Infine Ristin proclamò: «Stasera verrà annunciato con una trasmissione su tutte le linee che, in vista dei progressi della civiltà sui pianeti di molti sistemi solari, i Vardda ritengono giunto il momento di far partecipi del segreto della mutazione altre razze scelte.»
Quom esultò: «È fatta, Trehearne, è fatta.»
Trehearne non poteva ancora afferrare in tutta la sua realtà il fatto che quella semplice affermazione segnava un definitivo cambiamento nella Galassia. Che con essa tutte le razze umane cominciavano il grande mutamento verso l’Uomo Galattico.

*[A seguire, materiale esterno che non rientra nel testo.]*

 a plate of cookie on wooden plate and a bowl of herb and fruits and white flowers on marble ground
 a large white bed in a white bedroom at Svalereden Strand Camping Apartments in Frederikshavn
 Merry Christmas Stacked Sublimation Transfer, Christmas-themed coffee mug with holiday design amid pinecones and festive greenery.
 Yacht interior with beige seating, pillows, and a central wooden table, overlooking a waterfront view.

«E questi criminali che ci hanno obbligati ad adottare questa risoluzione?» domandò un Vardda riluttante, fissando Trehearne e i suoi compagni.
«Non abbiamo scelta» disse Ristin seccamente. «Se li punissimo per quanto hanno fatto, sveleremmo le vere ragioni del nostro annuncio. Le accuse di procedura normale vengono considerate nulle.»

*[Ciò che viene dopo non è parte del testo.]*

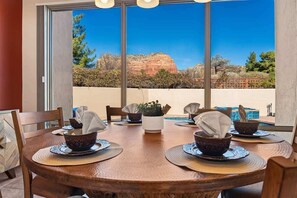 A dining table with four bowls and napkins, a potted plant, and a view of a red rock formation through large windows. - Peaceful Sedona Retreat, Views, Pool, Hot Tub! (Sedona)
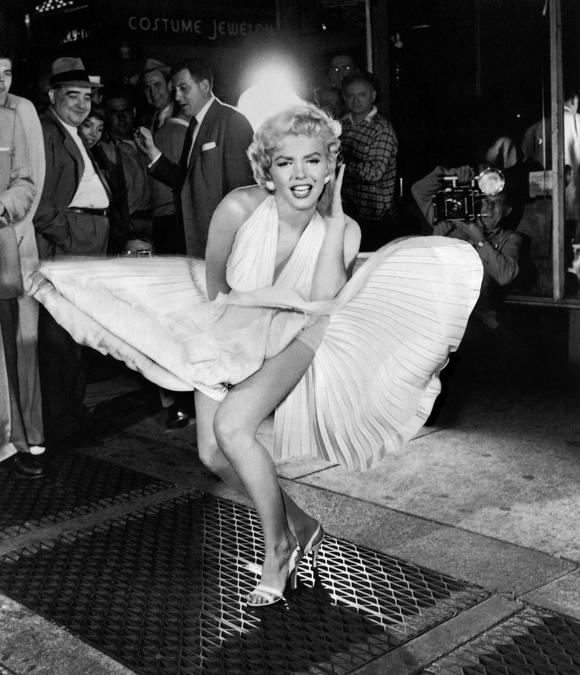 Sam Spade and Marilyn Monroe during the filming of The Seven Year Itch, 51st Street and Lexington Avenue, New York City, 1954  (Photo by Sam Shaw ©Shaw Family Archives, Ltd)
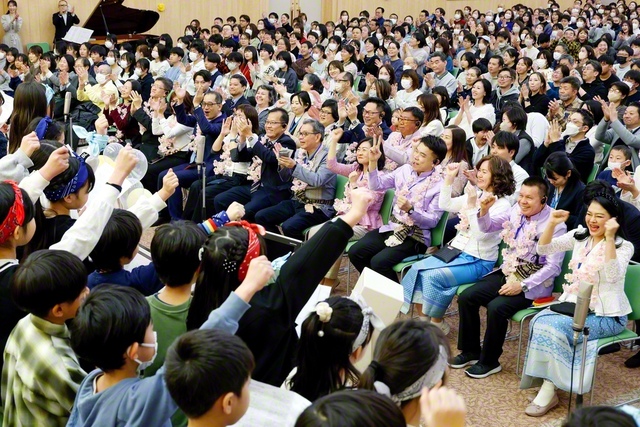 歓迎の歌声を届けた少年少女部の「水魚合唱団」。大古明美さんが世界での奮闘を報告した（東京国際池田記念講堂で）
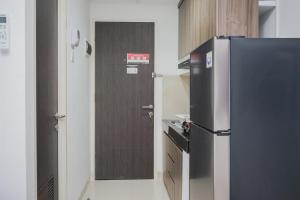 Homey and Comfortable Studio at Serpong Garden Apartment By Travelio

«Così che non saranno puniti del loro crimine?»
Ristin sospirò con rammarico: «Gli interessi dello stato lo richiedono. No.»
I compagni di Trehearne stavano per venir meno a metà sbigottiti, a metà increduli della vittoria che avevano creduto impossibile. Ma stranamente Trehearne non pensava alla conquista che avevano fatto in nome delle razze della Galassia, sentiva in sé l’orgoglio che la frase di Joris "Noi Vardda" vi aveva acceso.
Noi Vardda, ed egli era uno di loro. Era uno dei signori delle stelle, i primi, i più grandi degli stellari.
Edri pensava a qualcos’altro. Si era spinto avanti tra il frastuono generale per parlare a Ristin. «C’è un’altra cosa. Orthis…»
«Abbiamo inviato un caccia a sorvegliare la sua astronave» lo interruppe Ristin.
Edri annuì tristemente. «Ma Orthis non era neppure figlio di un pianeta. Era figlio delle stelle, ha sempre vissuto tra le stelle. È rimasto tanto tempo su quel remoto pianeta. Se la sua astronave potesse di nuovo librarsi nello spazio…»
Ristin annuì pensosamente: «Una buona idea. Dando alla sua astronave un’orbita intorno al nostro sistema creeremo un monumento che ricorderà a tutta la Galassia che furono i Vardda a dar loro la possibilità di volare tra le stelle.»